Problem details: Could you retype all of the records exactly, leaving out every picture?

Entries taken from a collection
[Start of section]

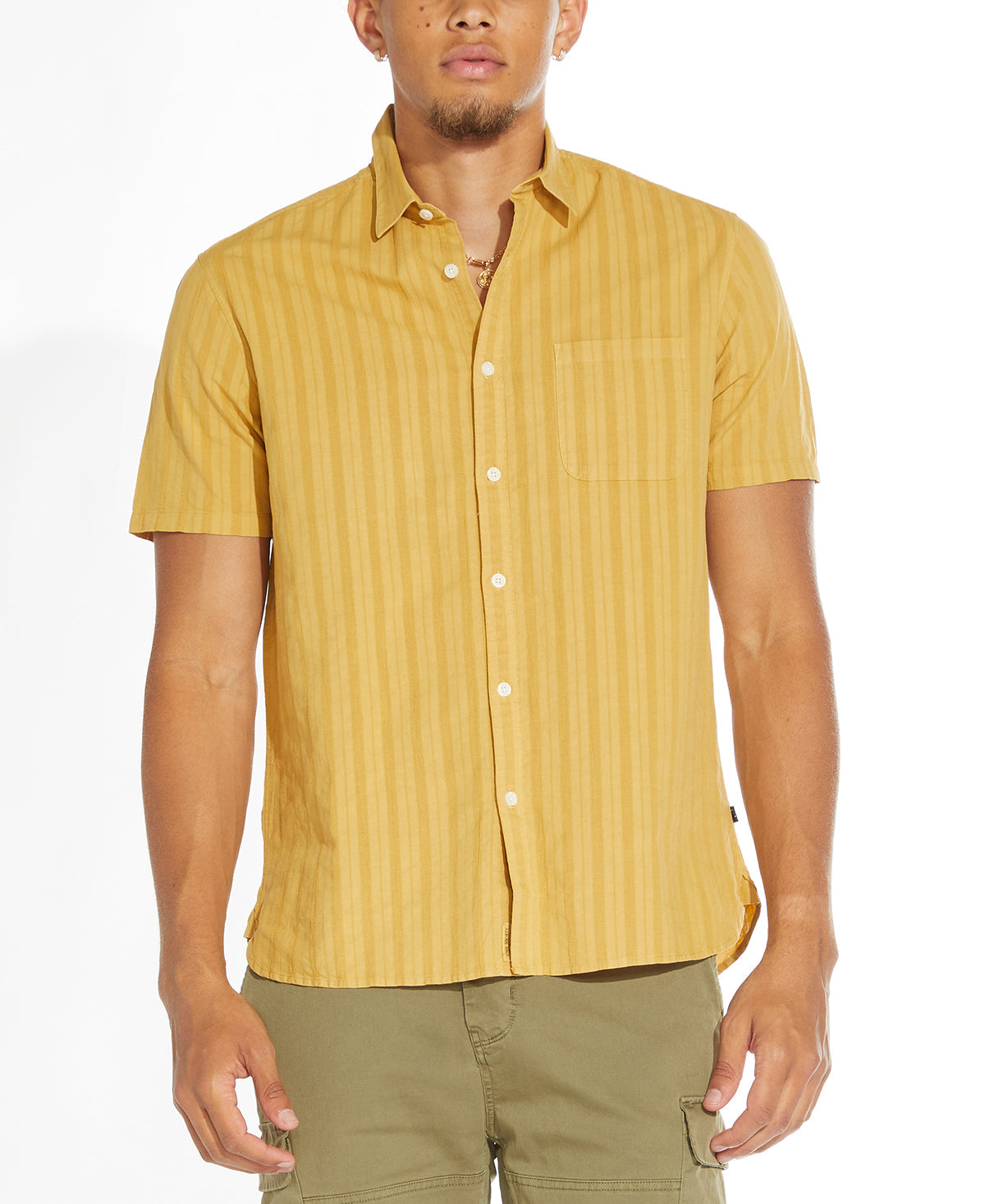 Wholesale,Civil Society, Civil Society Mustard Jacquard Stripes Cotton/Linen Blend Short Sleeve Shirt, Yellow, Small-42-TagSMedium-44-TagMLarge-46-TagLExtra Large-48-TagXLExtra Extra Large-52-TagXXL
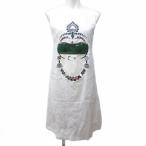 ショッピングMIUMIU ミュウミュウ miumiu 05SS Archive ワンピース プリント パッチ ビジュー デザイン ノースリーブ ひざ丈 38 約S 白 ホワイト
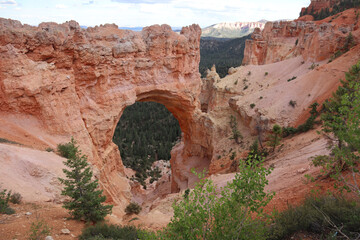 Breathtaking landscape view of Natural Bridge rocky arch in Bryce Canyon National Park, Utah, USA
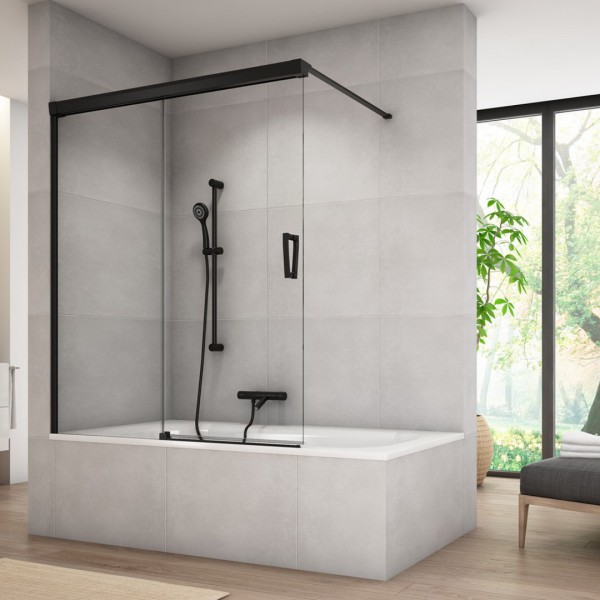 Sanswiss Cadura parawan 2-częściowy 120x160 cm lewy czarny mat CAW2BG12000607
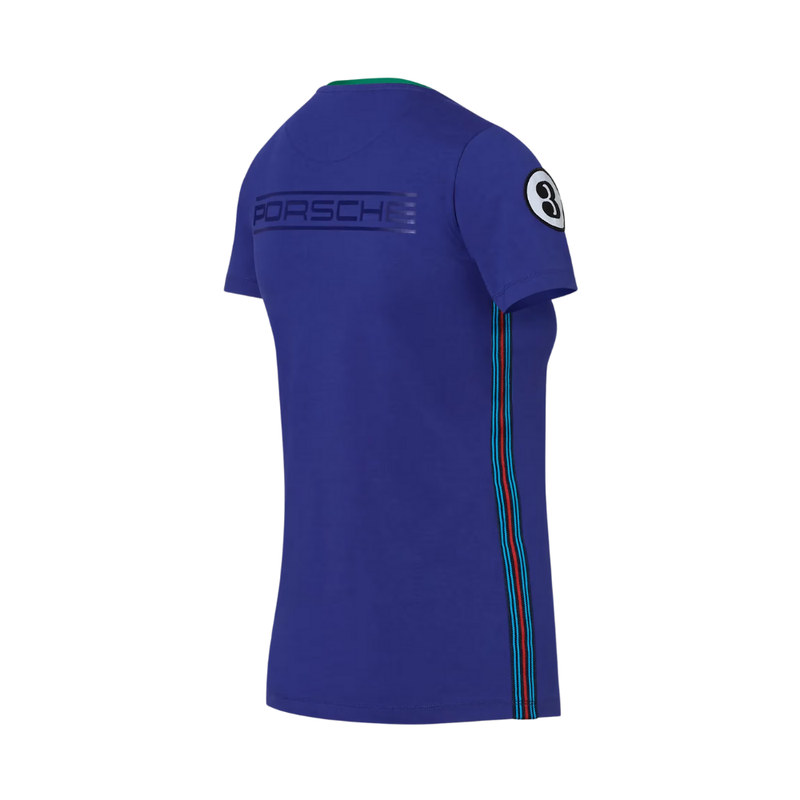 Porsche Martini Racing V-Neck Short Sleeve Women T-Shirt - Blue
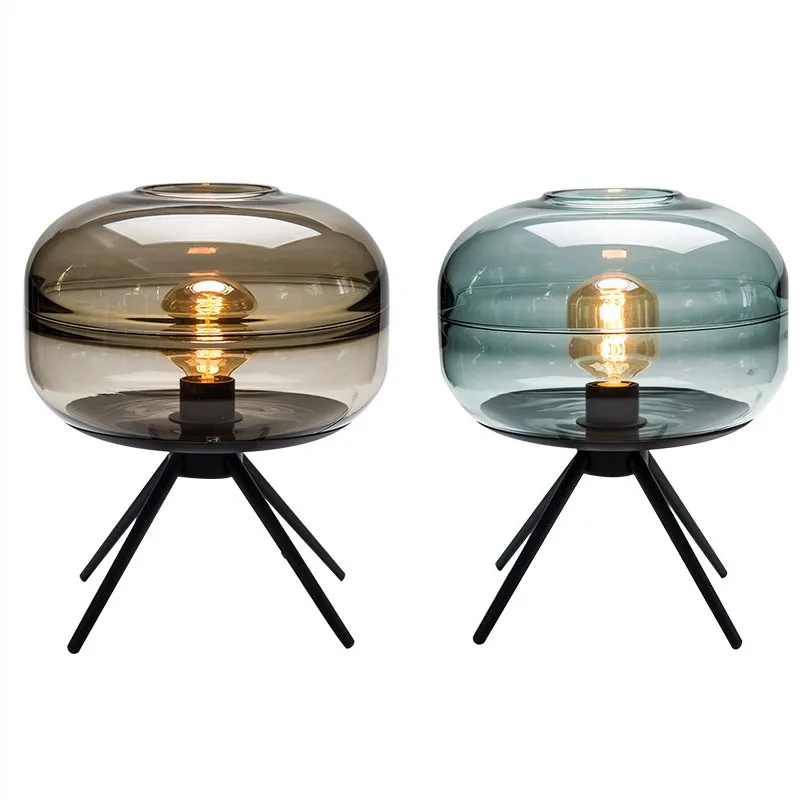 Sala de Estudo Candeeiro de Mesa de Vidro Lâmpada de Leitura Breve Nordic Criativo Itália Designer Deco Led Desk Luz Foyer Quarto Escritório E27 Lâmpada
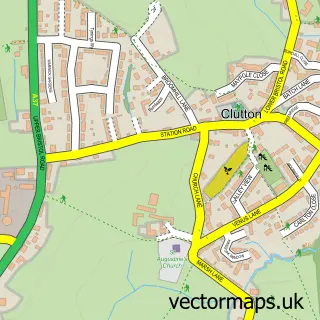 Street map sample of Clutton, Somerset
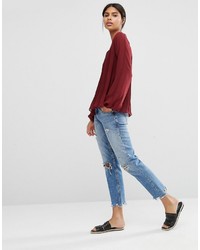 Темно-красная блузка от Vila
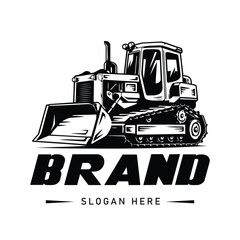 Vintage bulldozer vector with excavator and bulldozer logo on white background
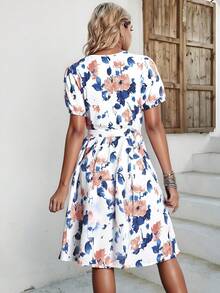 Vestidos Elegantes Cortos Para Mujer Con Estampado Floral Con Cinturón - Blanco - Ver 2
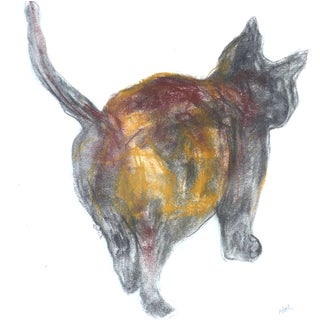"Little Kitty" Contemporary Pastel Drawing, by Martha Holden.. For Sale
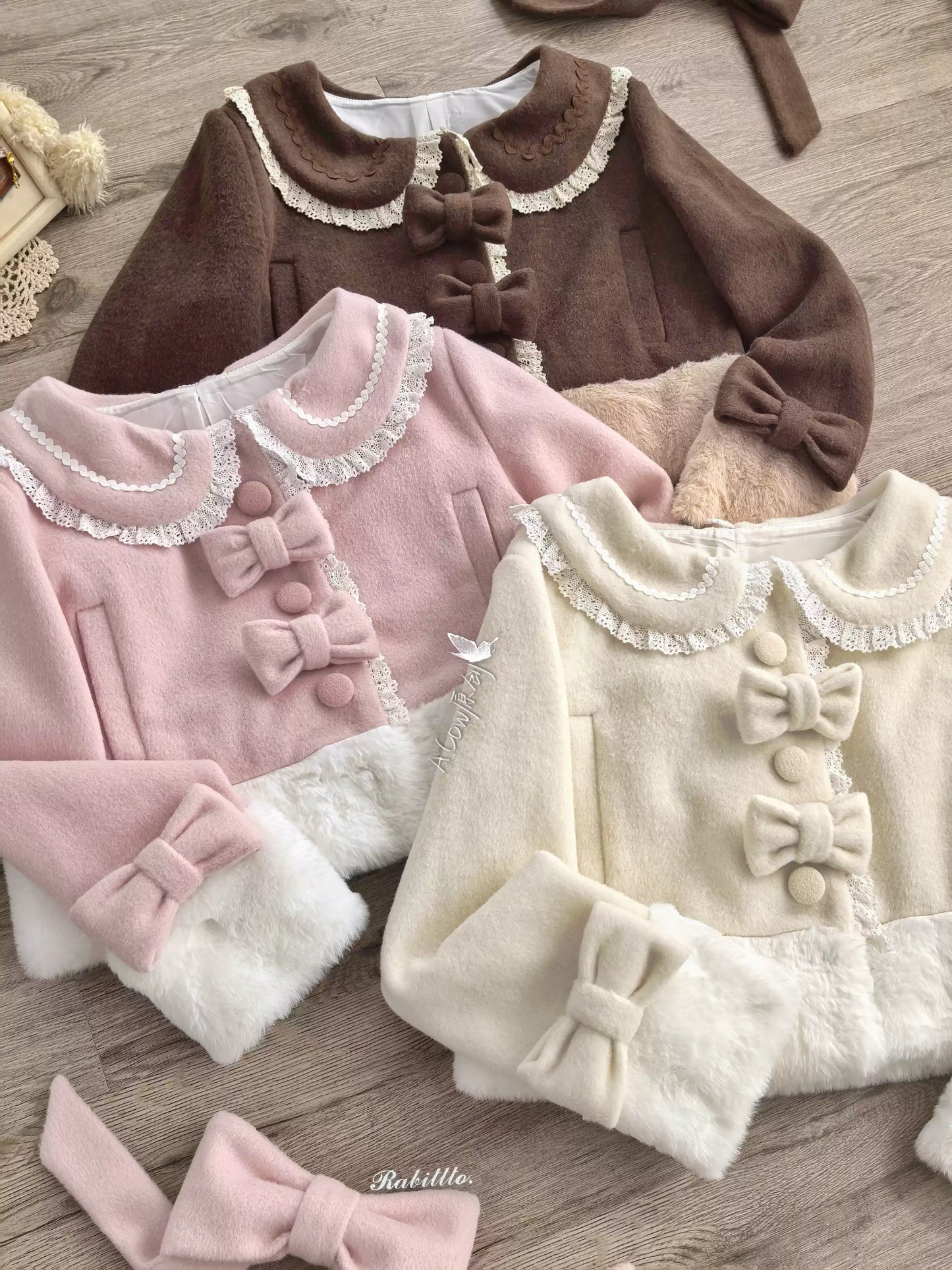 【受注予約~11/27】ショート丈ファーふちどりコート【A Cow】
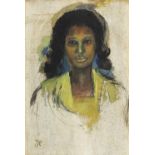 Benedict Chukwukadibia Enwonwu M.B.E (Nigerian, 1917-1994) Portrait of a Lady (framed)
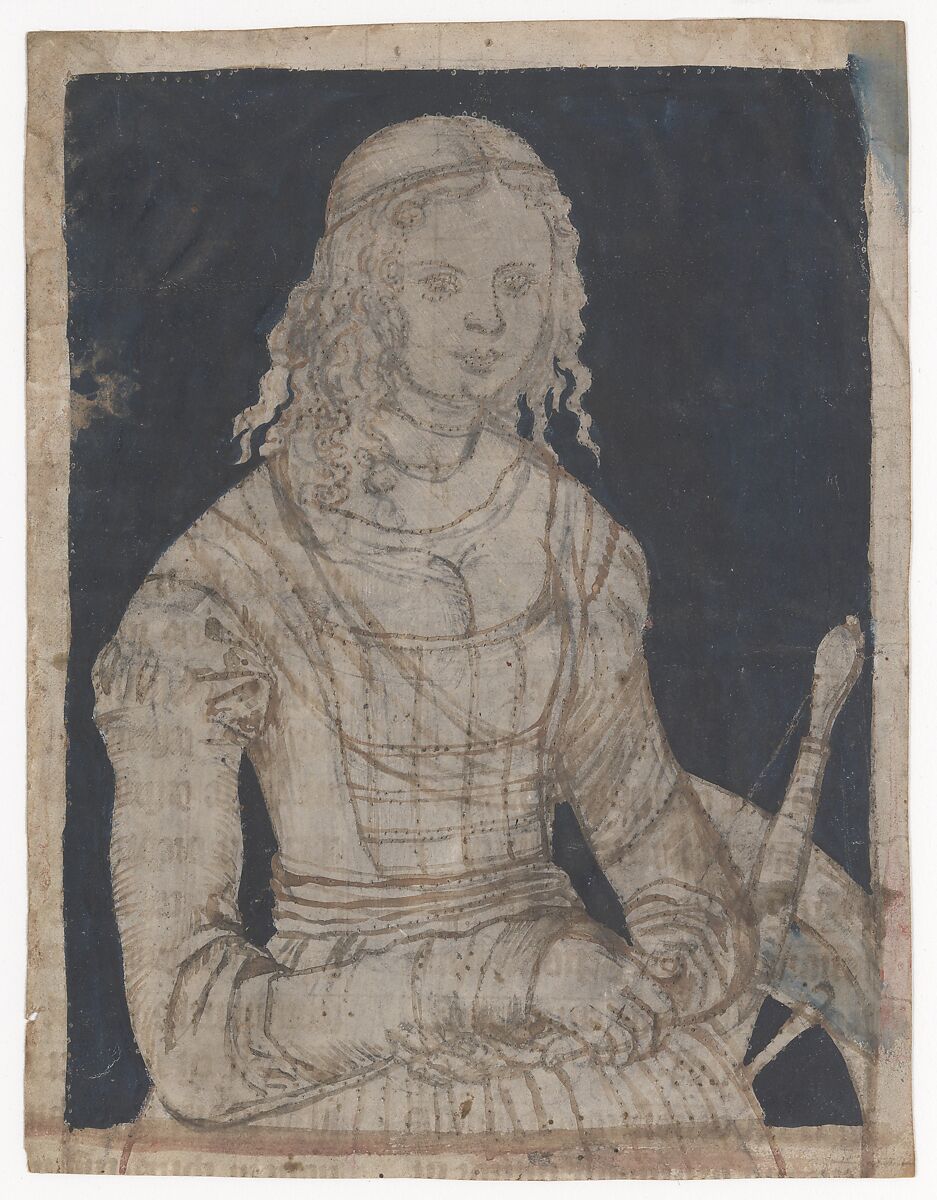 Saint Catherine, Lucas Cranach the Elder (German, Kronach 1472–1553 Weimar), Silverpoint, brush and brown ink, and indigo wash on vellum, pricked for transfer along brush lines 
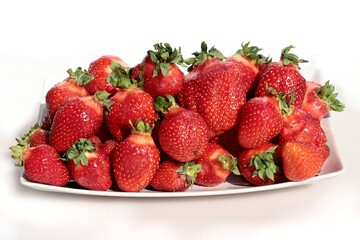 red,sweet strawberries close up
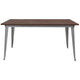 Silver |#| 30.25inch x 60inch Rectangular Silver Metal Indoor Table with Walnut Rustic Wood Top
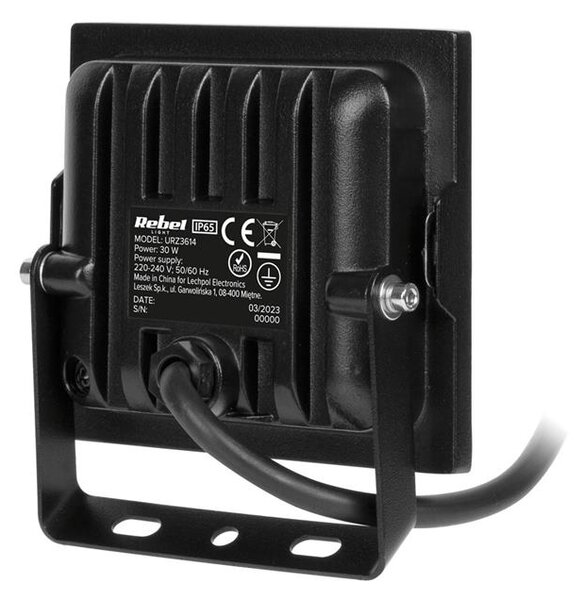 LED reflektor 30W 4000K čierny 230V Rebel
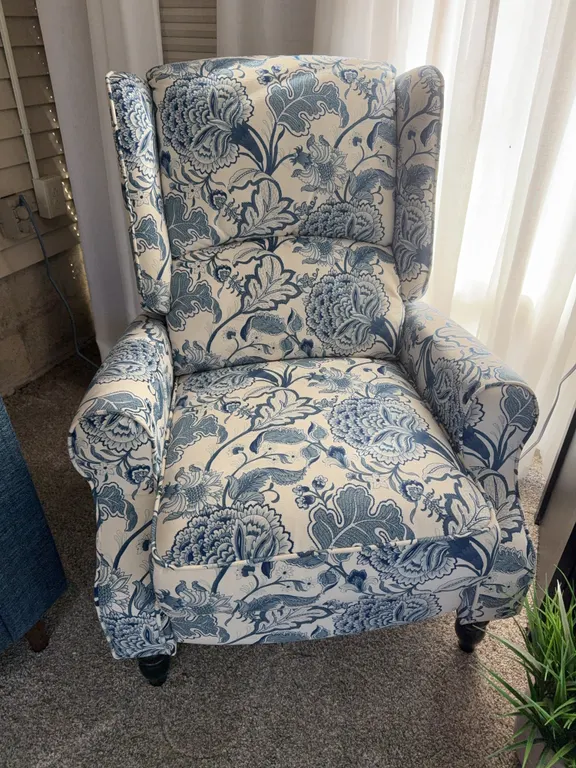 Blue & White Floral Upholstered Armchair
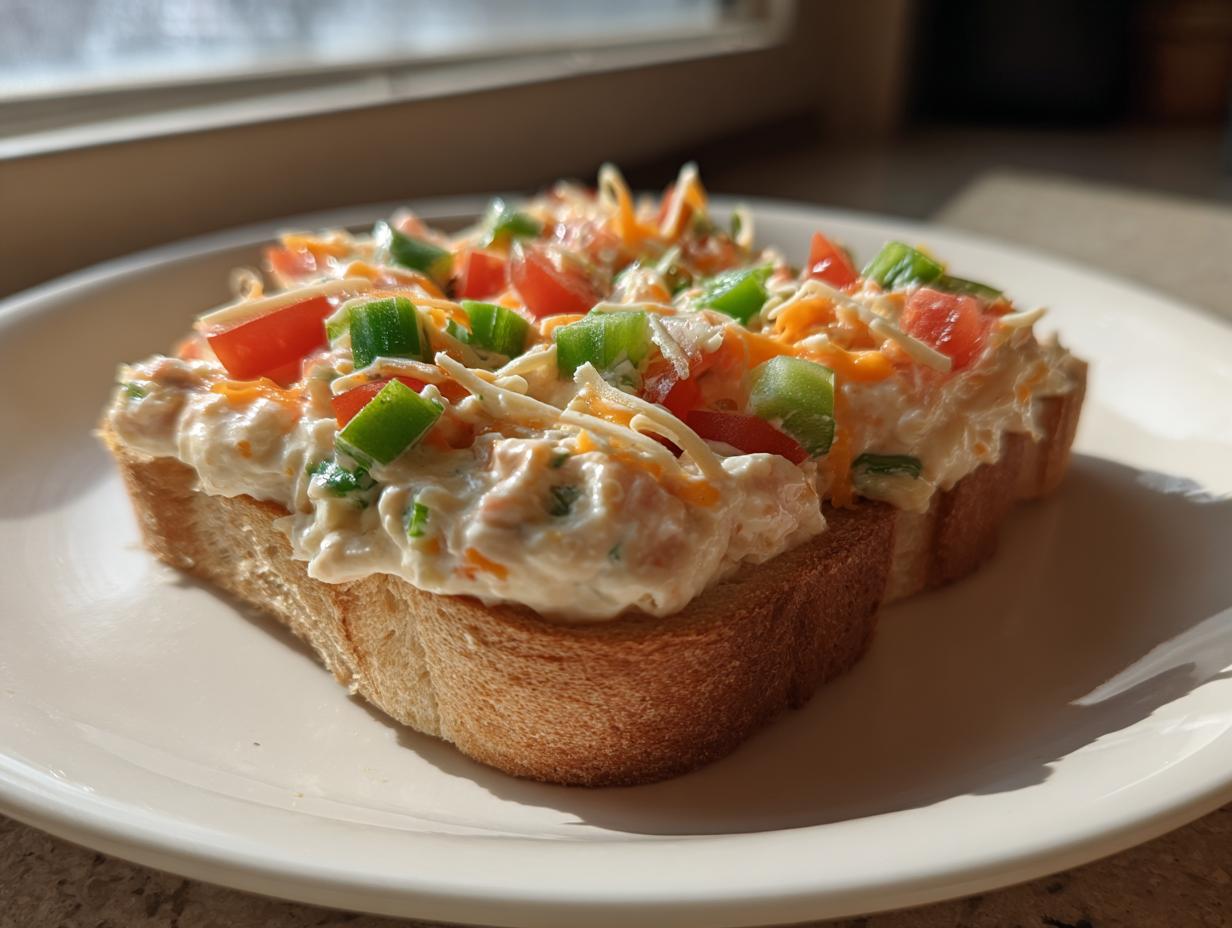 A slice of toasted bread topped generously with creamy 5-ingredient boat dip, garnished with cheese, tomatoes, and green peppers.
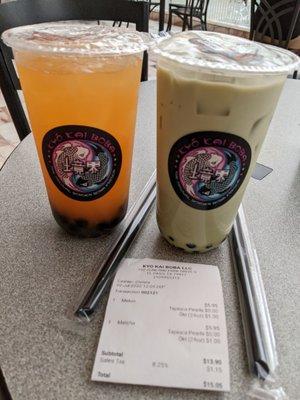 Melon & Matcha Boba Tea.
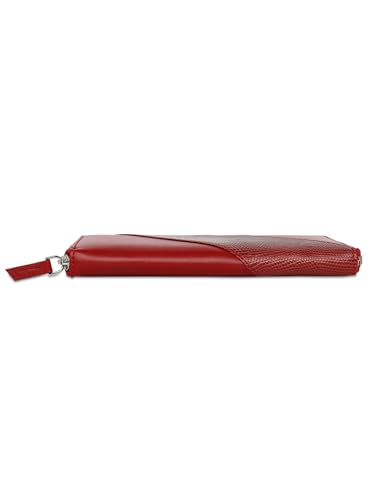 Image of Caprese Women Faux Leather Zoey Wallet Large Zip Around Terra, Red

[End of section]

Task output:
 Wholesale,Civil Society, Civil Society Mustard Jacquard Stripes Cotton/Linen Blend Short Sleeve Shirt, Yellow, Small-42-TagSMedium-44-TagMLarge-46-TagLExtra Large-48-TagXLExtra Extra Large-52-TagXXL
 ショッピングMIUMIU ミュウミュウ miumiu 05SS Archive ワンピース プリント パッチ ビジュー デザイン ノースリーブ ひざ丈 38 約S 白 ホワイト
 Breathtaking landscape view of Natural Bridge rocky arch in Bryce Canyon National Park, Utah, USA
 Sanswiss Cadura parawan 2-częściowy 120x160 cm lewy czarny mat CAW2BG12000607
 Porsche Martini Racing V-Neck Short Sleeve Women T-Shirt - Blue
 Sala de Estudo Candeeiro de Mesa de Vidro Lâmpada de Leitura Breve Nordic Criativo Itália Designer Deco Led Desk Luz Foyer Quarto Escritório E27 Lâmpada
 Street map sample of Clutton, Somerset
 Темно-красная блузка от Vila
 Vintage bulldozer vector with excavator and bulldozer logo on white background
 Vestidos Elegantes Cortos Para Mujer Con Estampado Floral Con Cinturón - Blanco - Ver 2
"Little Kitty" Contemporary Pastel Drawing, by Martha Holden.. For Sale
 【受注予約~11/27】ショート丈ファーふちどりコート【A Cow】
 Benedict Chukwukadibia Enwonwu M.B.E (Nigerian, 1917-1994) Portrait of a Lady (framed)
 Saint Catherine, Lucas Cranach the Elder (German, Kronach 1472–1553 Weimar), Silverpoint, brush and brown ink, and indigo wash on vellum, pricked for transfer along brush lines 
 red,sweet strawberries close up
 Silver |#| 30.25inch x 60inch Rectangular Silver Metal Indoor Table with Walnut Rustic Wood Top
 LED reflektor 30W 4000K čierny 230V Rebel
 Blue & White Floral Upholstered Armchair
 A slice of toasted bread topped generously with creamy 5-ingredient boat dip, garnished with cheese, tomatoes, and green peppers.
 Melon & Matcha Boba Tea.
 Image of Caprese Women Faux Leather Zoey Wallet Large Zip Around Terra, Red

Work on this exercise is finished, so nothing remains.